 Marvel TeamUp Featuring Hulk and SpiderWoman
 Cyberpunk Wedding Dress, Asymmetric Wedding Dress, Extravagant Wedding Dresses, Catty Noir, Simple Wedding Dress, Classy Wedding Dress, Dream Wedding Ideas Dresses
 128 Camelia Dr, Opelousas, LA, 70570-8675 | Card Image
####################
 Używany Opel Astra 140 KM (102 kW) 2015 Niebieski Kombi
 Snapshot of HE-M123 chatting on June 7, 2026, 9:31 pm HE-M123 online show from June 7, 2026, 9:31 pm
####################
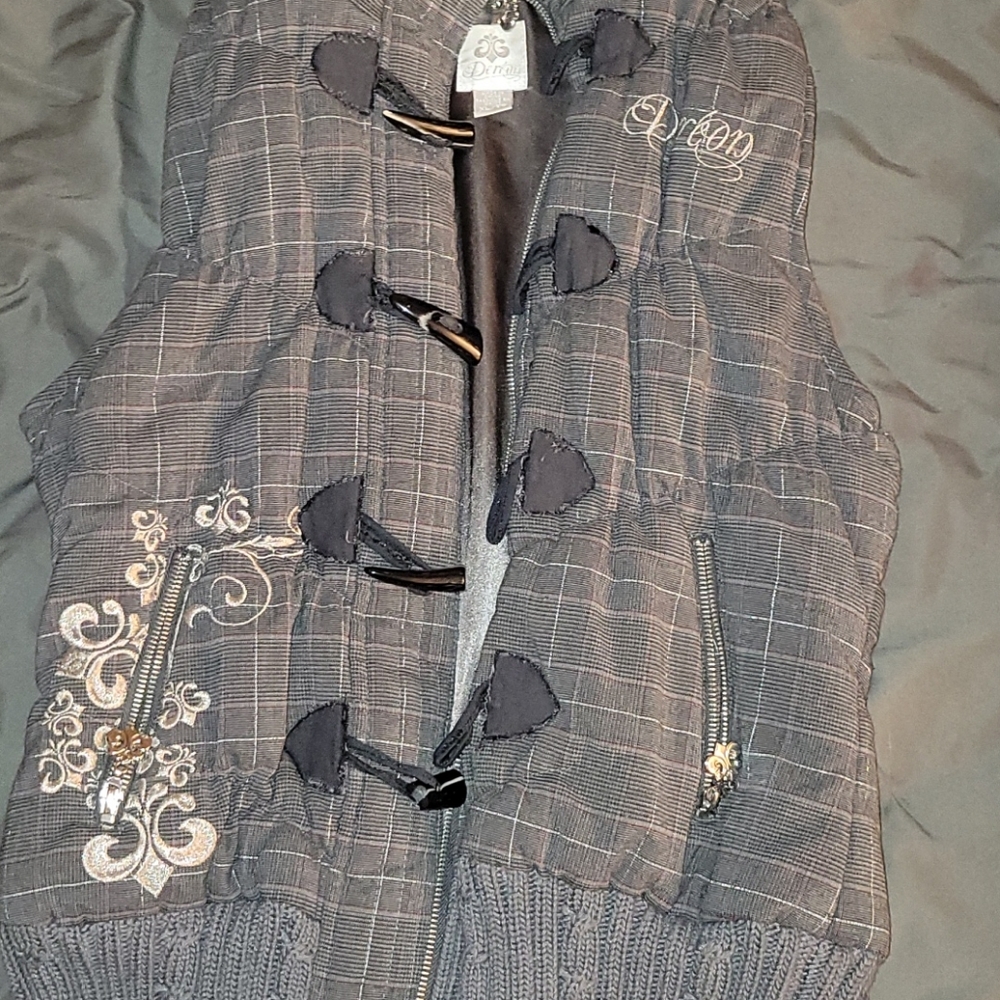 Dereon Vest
####################
Work instruction>
Return, unchanged, the run of lines above that opens with the line containing "Marvel TeamUp Featuring Hulk and SpiderWoman" and closes with the line containing "128 Camelia Dr, Opelousas, LA, 70570-8675". Include both.

Exercise solution>
 Marvel TeamUp Featuring Hulk and SpiderWoman
 Cyberpunk Wedding Dress, Asymmetric Wedding Dress, Extravagant Wedding Dresses, Catty Noir, Simple Wedding Dress, Classy Wedding Dress, Dream Wedding Ideas Dresses
 128 Camelia Dr, Opelousas, LA, 70570-8675 | Card Image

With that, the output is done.